Part of a Series of Q&A Miniprofiles for Math Awareness Month
Apr 6, 2016 | Atlanta, GA
What is your research about?
I work in probability theory as it applies to physics. Here’s an example: Imagine taking a city map, say the street grid of Atlanta, and placing random speed limits on the streets. Some streets may be set at 10 MPH, and others at, say, 20 MPH. Given these random assignments, what is the fastest route from one point in the city to another? How can we determine the fastest route? How different is this fastest route from the one obtained if all streets had the same speed limit?
Problems like travel times on street grids are related to social network connectivity, computer science problems, and even the behavior of magnets. Developing tools to attack theoretical problems often leads to advances in such applications. This ability is particularly relevant in the age of big data sets and the Internet.
What has been the most exciting time so far in your research life?

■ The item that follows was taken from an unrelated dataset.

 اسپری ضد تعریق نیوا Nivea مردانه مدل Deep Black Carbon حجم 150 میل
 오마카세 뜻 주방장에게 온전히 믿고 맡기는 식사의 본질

During my postdoc at Princeton University, a grad student and I developed a way to apply tools called Busemann functions to a different field. These functions have been used traditionally in a field called metric geometry, and our work, along with some from a professor at Washington, made them work in probability theory, which is very different. Our success led to several new results that unified many past works by others. Much of my current work focuses on exploring these functions and their applications.

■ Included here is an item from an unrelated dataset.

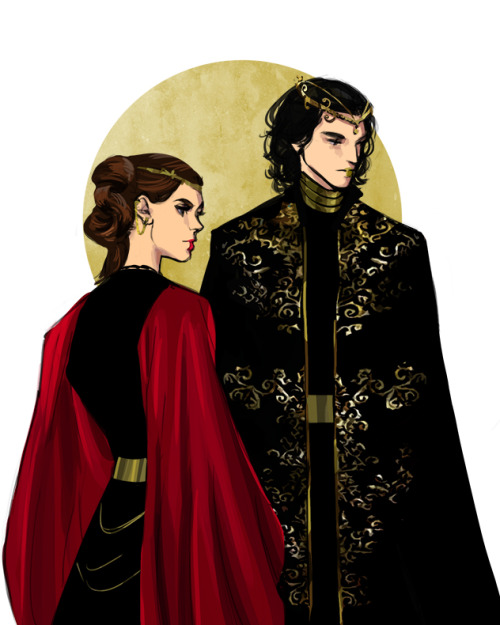 lazy-afternooner: prince finn, emperor hux, amidalas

How did you find your way to mathematics research?
As a child, I was encouraged to study and learn as much as possible. Even in preschool, I was working through second- and third-grade math workbooks. I learned very early that I enjoyed doing math problems.
When I started college at the University of Florida, I chose computer engineering because I heard it was a difficult major. It was indeed challenging, but also very interesting. During my second semester, I had a choice between theoretical or computational linear algebra. I heard that the theoretical course was harder, so I took it, hoping to learn more. Because I really enjoyed abstract reasoning, I decided to double major in computer engineering and math. But when the time came to choose what to study in grad school, it was clear to me that I liked math more.
In grad school, I was hugely influenced by my advisor. He taught me all about research, going to conferences, networking with people, and what problems are interesting. He also taught me research skills, such as how to reduce complex problems to simpler ones.
What advice would you give to a college freshman who wants to be a mathematician?
As early as possible, take a few pure math courses and a few applied math courses. It is good to know early whether you prefer applications and real computations over proofs and abstract reasoning. Take as many math courses as possible, and try to do some summer reading one-on-one with professors. Having a broad background will help you choose the right graduate school for your specific interests.
If you could not be a mathematician, in what line of work would you be now?
As I get older, I have become more motivated by the feeling I get when I appreciate the beauty of a mathematical argument or structure. I get this same feeling when listening to classical composers or reading profound books. In fact, nearly anything could bring me this feeling, as long as I take it seriously and pursue it with curiosity. Likely it is easiest to do this in an academic atmosphere, so I would try to be a professor of some other subject, maybe piano performance or literature.
What is the most exciting thing about being at Georgia Tech?
When I was in high school in Florida, many students who were interested in math or science tried to go to Georgia Tech, because it was the best school nearby. I was accepted, but ended up going to the University of Florida for financial reasons. So it is very exciting to be at Georgia Tech not as a student, but as a professor! The faculty are great researchers, often coming up with ground-breaking results. It is a great environment for my work.
What are you most surprised about in your encounters with Georgia Tech students?
I have been surprised by the diversity of student backgrounds and the variety of scientific perspectives here at Georgia Tech. I have not been at a technological institute before, and it is great to see so many people who are like me -- interested in engineering, math, and the sciences. Furthermore, students come from all possible backgrounds and ethnic groups. It is great that the student body seems to be less homogeneous than I expected.
What unusual skill, talent, or quality do you have that may not be obvious to your colleagues?
I have played classical piano since I was 9 years old. I’m out of practice now, but I was pretty serious in college. Most of the music I listen to now is classical, and lately I have been listening nonstop to the Mahler symphonies, which may be obvious to my colleagues, as they can hear it coming through my office door.
What is your ideal way of relaxing?
I love spending time with my wife and daughter, and I get to do this nearly every night. I used to come home and work all night, every night. But since having a child, I do not do that anymore. I am forced to slow down and play with my daughter and her toys. I also go to the gym every day and make sure I read a novel while doing cardio. This is not so much relaxing, but is it is not work related.
What three destinations are still in your travel to-do list?
I would like to go to Japan, Australia, and somewhere in Africa. I have heard many good things about Japan from a good friend who lives there. Australia is just so far away that I would like to be able to claim to have gone there. And Africa offers so few opportunities for conference-related travel, so this makes me even more interested.
If you won $10 million in a lottery, what would you do with it?
It is unlikely that I would ever play the lottery, as the expected gain is very low. It is a waste of money. However, if I were forced to play and I won, I would pay off my student debts. After that, I would buy a house, and then give a lot of money to my family. The rest I would save. There aren’t too many items I really want to buy.